Keterampilan hubungan: Kemampuan membangun hubungan yang kuat dengan beragam individu dan kelompok - berkomunikasi dengan jelas, mendengarkan secara aktif, bekerja sama, melawan tekanan sosial yang tidak pantas, merundingkan konflik secara konstruktif, dan mencari dan menawarkan bantuan bila diperlukan. Pengambilan keputusan yang bertanggung jawab: Kemampuan untuk membuat pilihan yang konstruktif dan menghormati tentang perilaku pribadi - dengan mempertimbangkan standar etika, masalah keamanan, norma sosial, evaluasi yang realistis atas konsekuensi dari berbagai tindakan, dan kesejahteraan diri sendiri dan orang lain.

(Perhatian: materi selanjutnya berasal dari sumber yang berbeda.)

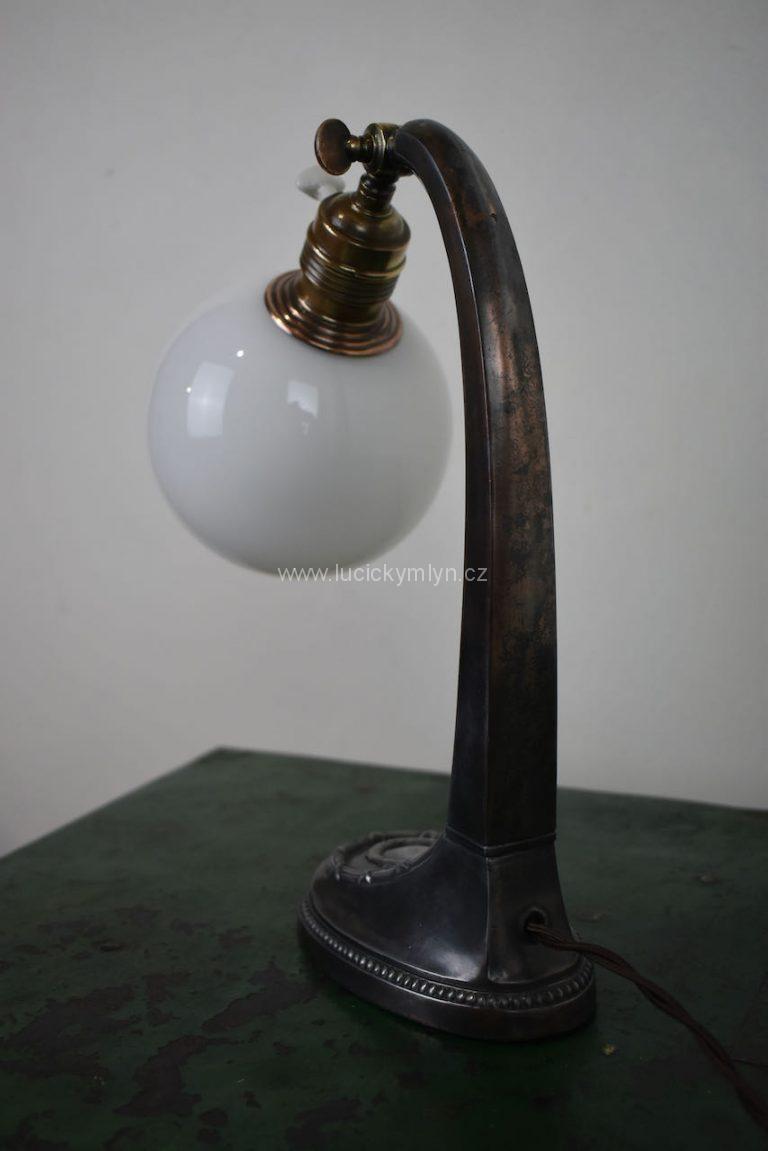 Secesní cínová lampička, jenž se může používat i jako nástěnná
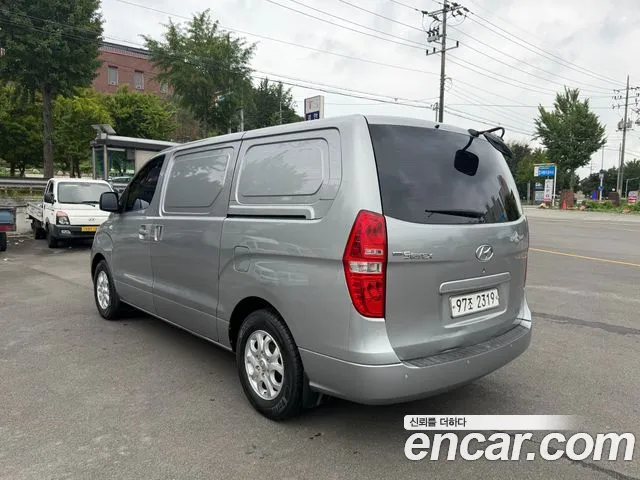 Hyundai Starex 2015 thumb 4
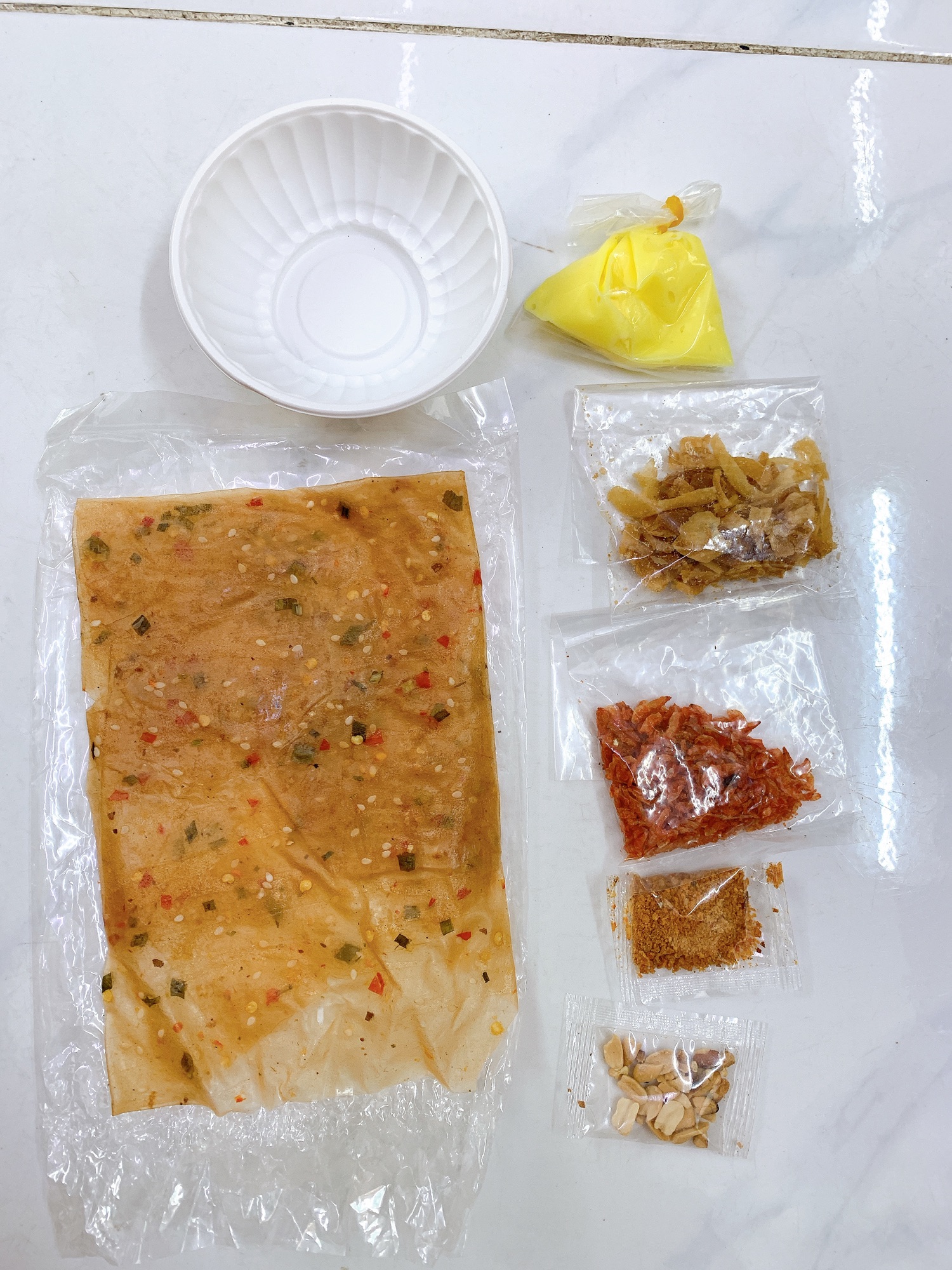 [HCM]10 bịch bánh tráng dẽo me bơ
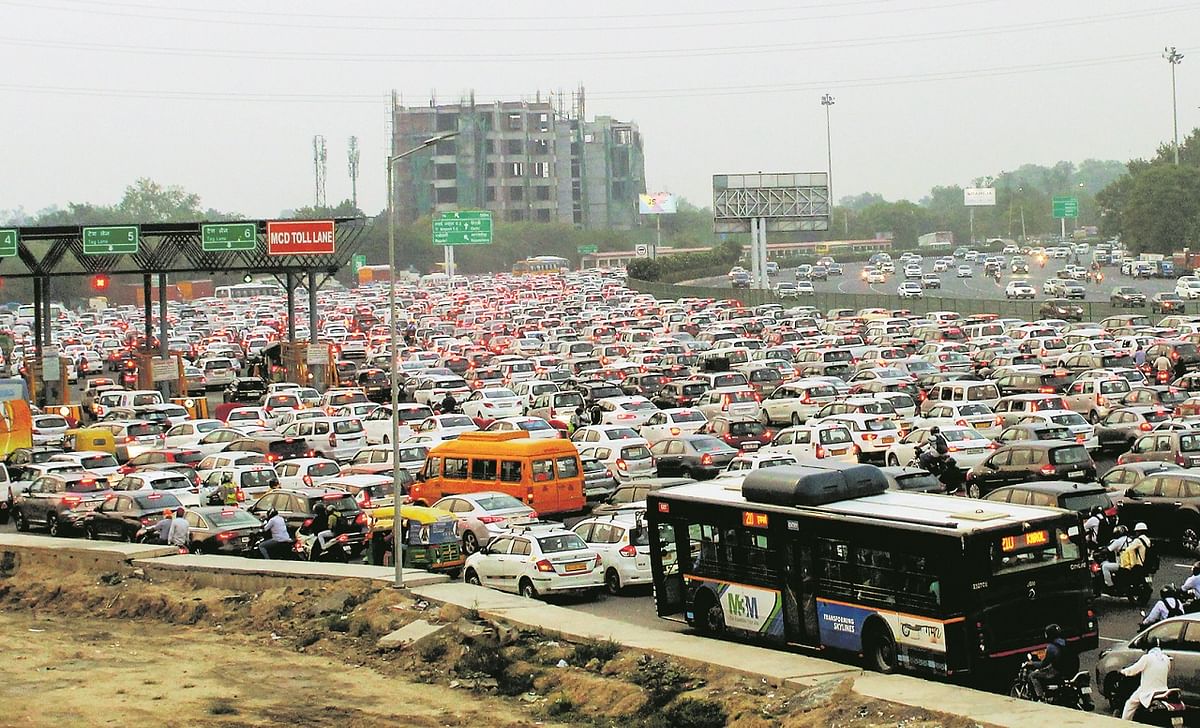 Vehicles stuck in traffic jam on Delhi-Gurugram expressway, in Gurugram. Credit: PTI Photo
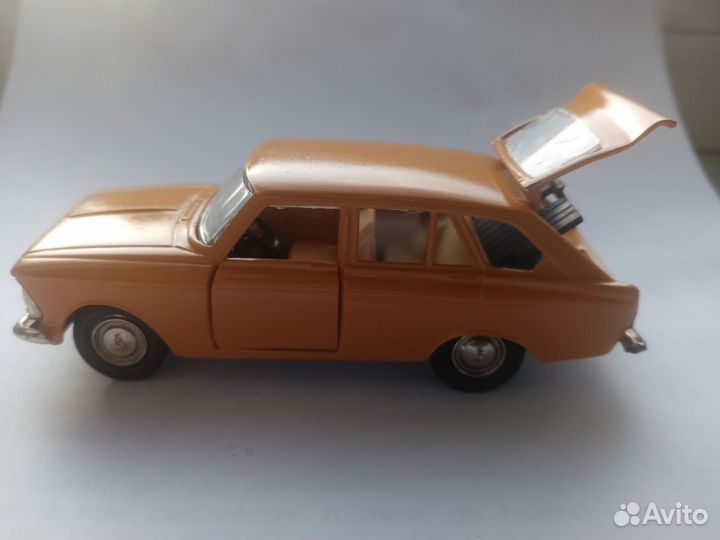 Модель автомобиля СССР Иж комби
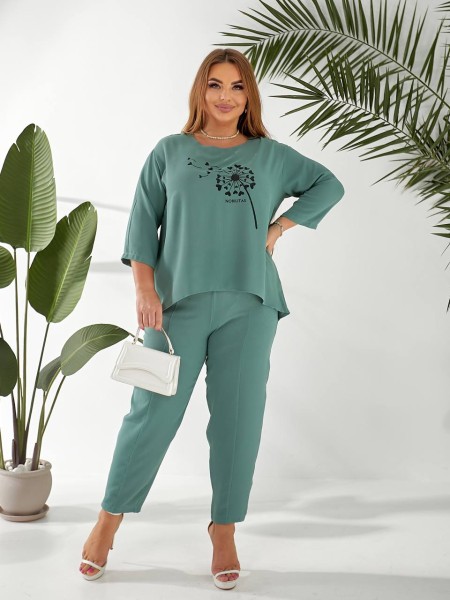 Жіночий прогулянковий костюм фiсташкового кольору 32325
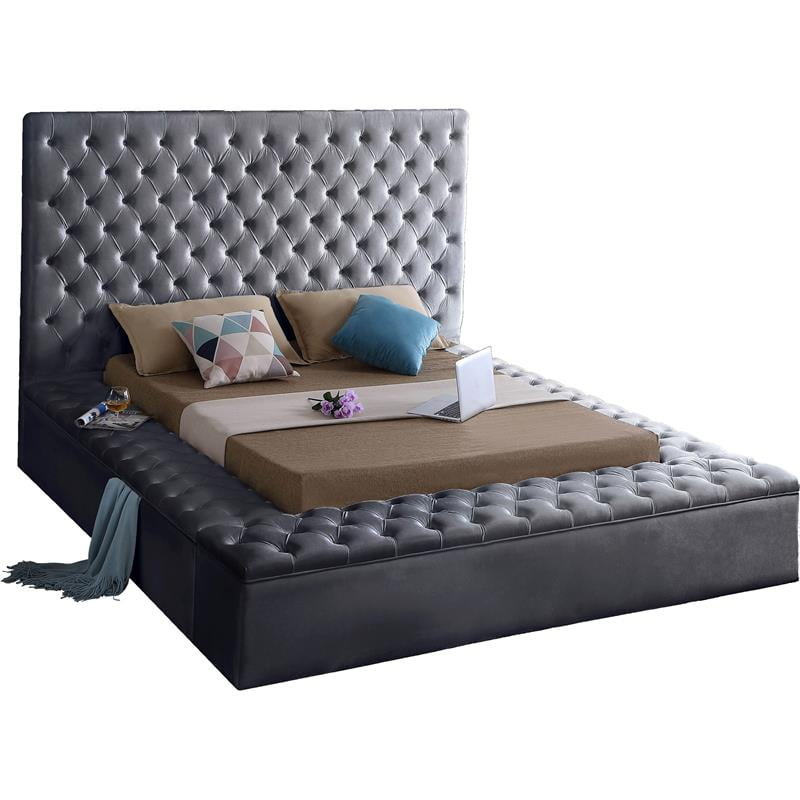 Meridian Furniture Bliss Solid Wood Tufted Velvet Queen ...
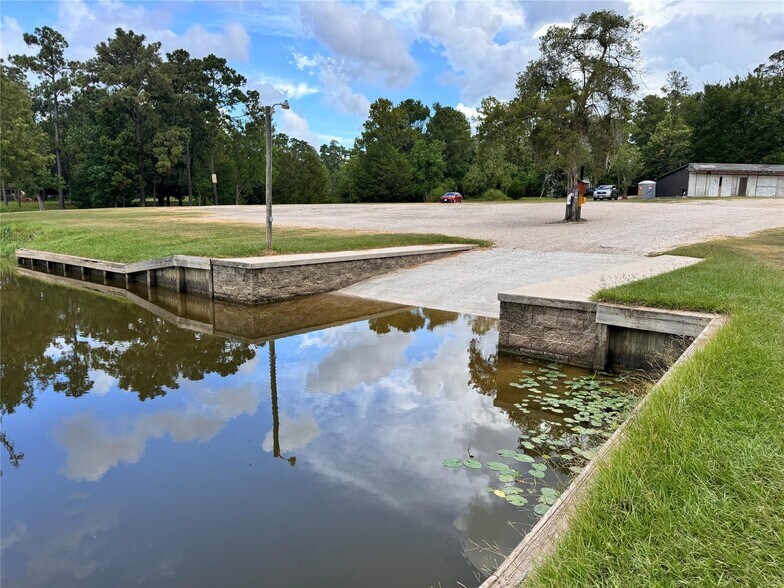 27400 Pleasure Ln, Huffman, TX à vendre - Photo principale – Image 1 sur 6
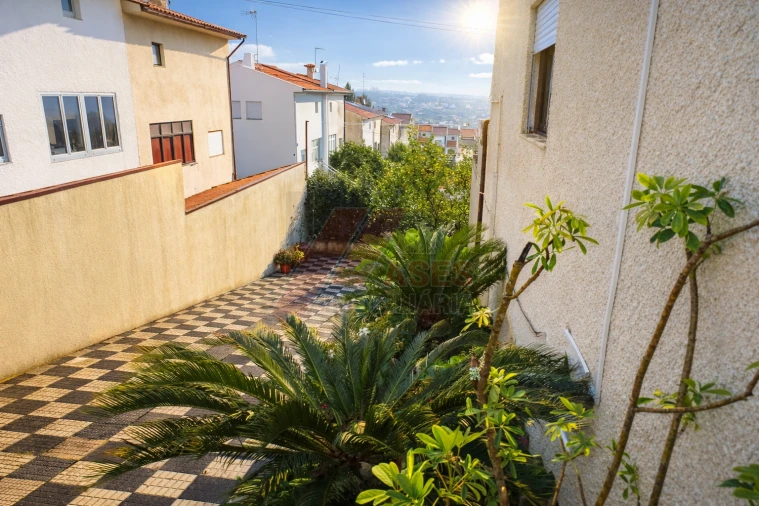 Moradia T3 para Venda em Fafe Foto 3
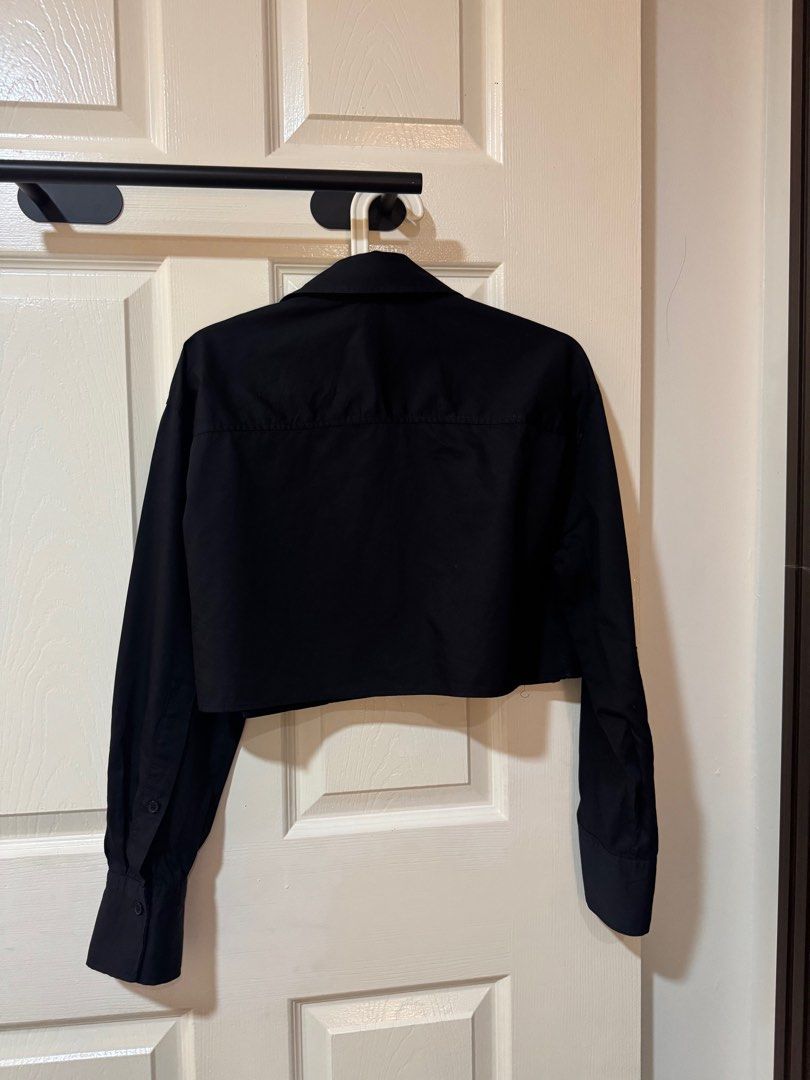 Zara Cropped Black Long Sleeves with Pockets (Category: Longsleeves) located in Mandaluyong City. Submitted by deguitokass (Listing ID 1377633729, Image 2). Description: rfs: got it as a gift but never used it washed & ironed only no tag but guaranteed new! Helping tags: Zara, H&M, Urban Revivo, Uniqlo, Bershka, Stradivarius, Forever 21, Love Bonito, Editors Market.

Remaja harus belajar untuk memperhatikan secara sadar perasaan mereka, belajar melampaui label sederhana seperti "baik-baik saja" atau "oke". Dengan mampu mengenali perasaan cemas sebelum ujian atau merasa sedih dan kehilangan teman baik, mereka dapat lebih memahami sumber mereka dan mungkin menemukan lebih banyak pilihan, seperti meminta bantuan dalam belajar untuk ujian atau berbicara tentang perasaan mereka dengan seorang teman (Goleman, dalam Dumitrescu, 2015). Seperti yang dilaporkan oleh Rosenblum & Lewis (Adams, dalam Dumitrescu, 2015), beberapa penelitian yang menggunakan "metode sampling pengalaman" atau ESM menunjukkan bahwa pengalaman emosional remaja berbeda dalam intensitas, frekuensi, dan ketekunan dari individu yang lebih tua dan lebih muda. Dibandingkan dengan orang tua mereka, remaja mengalami emosi yang lebih ekstrem, dengan rentang yang lebih luas antara suasana hati yang lebih tinggi dan lebih rendah, yang terutama berlaku untuk emosi negatif (Larson, & Richards, dalam Dumitrescu, 2015). Remaja juga dilaporkan mengalami mood negatif lebih sering daripada orang dewasa (Arnett, dalam Dumitrescu, 2015; Eccles, Midgley, Wigfield, Buchanan, Reuman, Flanagan, & Mac Iver, dalam Dumitrescu, 2015).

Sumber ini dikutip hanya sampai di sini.